US soldiers are lampooned, policemen are shown as buffoons and Shiite cleric Moqtada al-Sadr is irreverently cheered by penguins… Iraqis are turning more and more to You Tube to express their dark-edged humor.

The main butt of send-ups posted by Iraqis on the popular Internet video site is, as one might expect, the US military.

With around 160,000 troopers scattered across the country there is clearly no dearth of subjects -- nor lack of innovative video makers.

One video shows a large-mouthed soldier repeating Arabic phrases told to him by a group of locals.

"Bring us back to our family, bring us home. Bring us some bread, any bread, hot or cold," he says, seemingly unaware of what he is repeating.

"The salary is not that good either," he adds as the camera zooms closely onto his face.

Another video shows a group of Iraqi soldiers speaking to a female American trooper, who clearly knows a smattering of Arabic.

They ask her name, and she replies "Sarah." They ask her questions and she replies in Arabic. She is from Alabama -- she does not like New York.

The walkie-talkie strapped near her shoulder crackles and she bends her head towards it to answer.

She speaks for a minute or two, bending her head forward each time she answers.

"Shaar (hair)," the soldiers say suggestively, enticing her to break out into a sensual Iraqi dance during which unveiled women throw their heads forward to send their hair flying upwards.

Many videos show male US soldiers dancing clumsily with their Iraqi counterparts or with people in the streets.

One hilarious minute-long segment captures an American military policeman, complete with flak jacket and weapon, spinning round and round while a group of Iraqi policemen cheer him on.

With dancing in public such an integral part of Iraqi culture, it is little wonder that the funnier side of this practice has been captured on video.

People fall, lurch into one another, and in one featuring Iraqi policemen they even drop their trousers.

Away from the dance floor, two policemen are shown in one clip stopping a truck. As the edgy pair bend down to inspect the underside of the vehicle the driver toots his horn, giving both such a fright that they fall over backwards.

But little appears sacred for Iraqis caught up in brutal sectarian violence and harsh living conditions, proof of the maxim that populations in high stress situations or oppressive environments use dark humor to help them survive.

One of the main targets in the highly religious country is Moqtada al-Sadr, the powerful Shiite cleric whose thousands-strong Mahdi Army militia is known to hero-worship him.

One video clip shows a colony of penguins, led by a large male with distinctive orange markings on his neck, swaggering around the ice chanting "Moqtada, Moqtada, Moqtada!"

The 66-second segment, its soundtrack clearly recorded at a Mahdi Army gathering engaged in rowdy praise of the cleric, shows the penguins raising their flippers heavenwards, beaks wide open as they become more and more enthusiastic about Sadr.

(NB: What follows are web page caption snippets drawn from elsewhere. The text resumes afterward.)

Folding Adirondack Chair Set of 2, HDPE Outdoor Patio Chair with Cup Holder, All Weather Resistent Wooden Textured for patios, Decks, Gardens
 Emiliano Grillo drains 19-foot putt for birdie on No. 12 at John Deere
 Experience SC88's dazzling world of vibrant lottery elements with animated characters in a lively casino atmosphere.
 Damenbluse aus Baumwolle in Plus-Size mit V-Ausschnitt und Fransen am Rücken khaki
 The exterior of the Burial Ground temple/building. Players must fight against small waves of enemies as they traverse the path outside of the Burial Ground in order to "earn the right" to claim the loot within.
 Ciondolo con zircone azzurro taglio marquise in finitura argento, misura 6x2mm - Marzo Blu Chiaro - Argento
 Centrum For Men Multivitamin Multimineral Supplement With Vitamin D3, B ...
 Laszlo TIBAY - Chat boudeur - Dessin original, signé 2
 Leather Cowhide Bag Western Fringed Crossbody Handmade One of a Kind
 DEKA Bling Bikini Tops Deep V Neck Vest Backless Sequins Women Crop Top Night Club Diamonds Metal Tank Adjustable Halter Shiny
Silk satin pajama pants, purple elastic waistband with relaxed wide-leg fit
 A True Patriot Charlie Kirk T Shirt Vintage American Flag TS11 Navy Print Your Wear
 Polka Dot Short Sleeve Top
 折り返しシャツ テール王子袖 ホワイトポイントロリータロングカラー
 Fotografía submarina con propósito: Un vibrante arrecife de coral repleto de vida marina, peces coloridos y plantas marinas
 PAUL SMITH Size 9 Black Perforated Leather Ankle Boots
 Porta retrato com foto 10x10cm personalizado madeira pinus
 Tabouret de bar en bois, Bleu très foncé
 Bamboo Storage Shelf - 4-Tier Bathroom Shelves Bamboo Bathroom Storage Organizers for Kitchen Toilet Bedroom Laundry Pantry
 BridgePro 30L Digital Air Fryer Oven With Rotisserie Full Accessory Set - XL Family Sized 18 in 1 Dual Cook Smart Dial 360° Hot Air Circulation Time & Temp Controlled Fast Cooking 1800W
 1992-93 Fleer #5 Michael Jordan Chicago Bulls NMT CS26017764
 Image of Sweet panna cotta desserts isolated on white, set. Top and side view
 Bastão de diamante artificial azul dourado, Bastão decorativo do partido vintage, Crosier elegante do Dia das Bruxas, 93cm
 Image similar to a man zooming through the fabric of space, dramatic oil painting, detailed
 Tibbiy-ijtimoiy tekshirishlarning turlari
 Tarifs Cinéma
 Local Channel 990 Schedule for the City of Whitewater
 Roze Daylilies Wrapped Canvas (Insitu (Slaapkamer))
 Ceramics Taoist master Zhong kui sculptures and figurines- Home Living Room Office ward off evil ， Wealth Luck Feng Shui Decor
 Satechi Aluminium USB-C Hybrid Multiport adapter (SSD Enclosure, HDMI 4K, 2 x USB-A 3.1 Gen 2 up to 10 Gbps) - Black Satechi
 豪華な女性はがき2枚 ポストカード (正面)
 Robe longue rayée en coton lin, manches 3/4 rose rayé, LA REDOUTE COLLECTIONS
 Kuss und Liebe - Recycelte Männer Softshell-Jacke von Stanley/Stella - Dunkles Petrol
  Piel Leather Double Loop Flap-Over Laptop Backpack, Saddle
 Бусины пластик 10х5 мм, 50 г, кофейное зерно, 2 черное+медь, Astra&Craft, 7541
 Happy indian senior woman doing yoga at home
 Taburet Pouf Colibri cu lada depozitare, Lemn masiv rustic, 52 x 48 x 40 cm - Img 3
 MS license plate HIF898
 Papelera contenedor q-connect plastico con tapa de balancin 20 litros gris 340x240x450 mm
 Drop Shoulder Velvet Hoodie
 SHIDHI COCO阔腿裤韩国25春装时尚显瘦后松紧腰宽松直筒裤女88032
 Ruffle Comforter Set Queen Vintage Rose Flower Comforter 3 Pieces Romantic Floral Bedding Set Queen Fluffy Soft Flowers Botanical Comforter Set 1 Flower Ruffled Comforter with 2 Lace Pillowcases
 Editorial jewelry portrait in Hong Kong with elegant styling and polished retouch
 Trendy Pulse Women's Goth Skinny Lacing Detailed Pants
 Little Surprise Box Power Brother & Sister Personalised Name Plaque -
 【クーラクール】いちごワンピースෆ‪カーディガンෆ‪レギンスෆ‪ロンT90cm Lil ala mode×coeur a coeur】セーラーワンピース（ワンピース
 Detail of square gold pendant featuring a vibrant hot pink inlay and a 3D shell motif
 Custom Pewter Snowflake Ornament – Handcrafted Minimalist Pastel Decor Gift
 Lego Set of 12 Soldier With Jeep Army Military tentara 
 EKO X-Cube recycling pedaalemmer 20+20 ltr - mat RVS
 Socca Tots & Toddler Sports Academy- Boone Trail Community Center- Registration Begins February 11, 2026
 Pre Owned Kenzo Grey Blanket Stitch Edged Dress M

The video, clearly doctored electronically, ends with the penguins forming a large heart-shaped gathering around their leader who stands bellowing in the middle.

More controversial in a country divided by sectarianism are clips showing Shiites in mosques during Ashura ceremonies when devotees beat their chests -- set to Iraqi pop music.

One video shows earnest devotees raising their hands, beating their chests and chanting in anguish as a popular song called "Orange" plays on the soundtrack.

The song features a lover who pours out his tender devotion for his girlfriend and her favorite color.

Not all Iraqis approve of their leaders being belittled in this way, and comments posted on the site beneath the videos reflect the wide divergence of opinion that characterizes the country's political landscape.

"Shame on you to liken Moqtada al-Sadr to a penguin and humiliate him in front of all the world," says "Wisam" beneath the penguin clip.

"It is indeed a shame," agrees "Abdul." "He and his donkeys are far worse than penguins."